Comentario: Rev. D. Joan COSTA i Bou (Barcelona, España).
«Amad
a vuestros enemigos y rogad por los que os persigan»
Hoy,
el Evangelio nos exhorta al amor más perfecto. Amar es querer el bien del otro
y en esto se basa nuestra realización personal. No amamos para buscar nuestro
bien, sino por el bien del amado, y haciéndolo así crecemos como personas. El
ser humano, afirmó el Concilio Vaticano II, «no puede encontrar su plenitud si
no es en la entrega sincera de sí mismo a los demás». A esto se refería santa Teresa del Niño Jesús cuando pedía hacer de nuestra vida un holocausto. El amor
es la vocación humana. Todo nuestro comportamiento, para ser verdaderamente humano,
debe manifestar la realidad de nuestro ser, realizando la vocación al amor.
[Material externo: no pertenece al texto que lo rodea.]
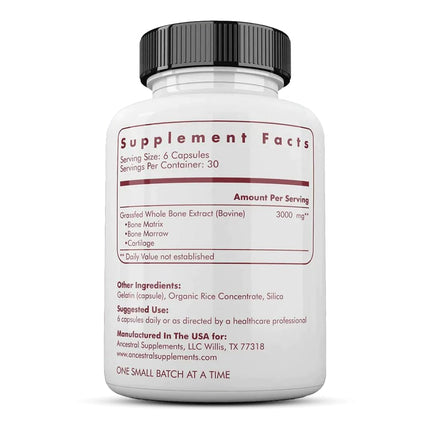 Ancestral Supplements - ar zāli barotu liellopu kauli un kaulu smadzenes - 180 kapsulas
Como ha escrito Juan Pablo II, «el hombre no puede vivir sin amor. Él permanece
para sí mismo un ser incomprensible, su vida está privada de sentido si no se
le revela el amor, si no se encuentra con el amor, si no lo experimenta y lo
hace propio, si no participa en él vivamente».
El
amor tiene su fundamento y su plenitud en el amor de Dios en Cristo. La persona
es invitada a un diálogo con Dios. Uno existe por el amor de Dios que lo creó,
y por el amor de Dios que lo conserva, «y sólo puede decirse que vive en la
plenitud de la verdad cuando reconoce libremente este amor y se confía
totalmente a su Creador» (Concilio Vaticano II): ésta es la razón más alta de
su dignidad. El amor humano debe, por tanto, ser custodiado por el Amor divino,
que es su fuente, en él encuentra su modelo y lo lleva a plenitud. Por todo
esto, el amor, cuando es verdaderamente humano, ama con el corazón de Dios y
abraza incluso a los enemigos. Si no es así, uno no ama de verdad. De aquí que
la exigencia del don sincero de uno mismo devenga un precepto divino:
«Vosotros, pues, sed perfectos como es perfecto vuestro Padre celestial» (Mt
5,48).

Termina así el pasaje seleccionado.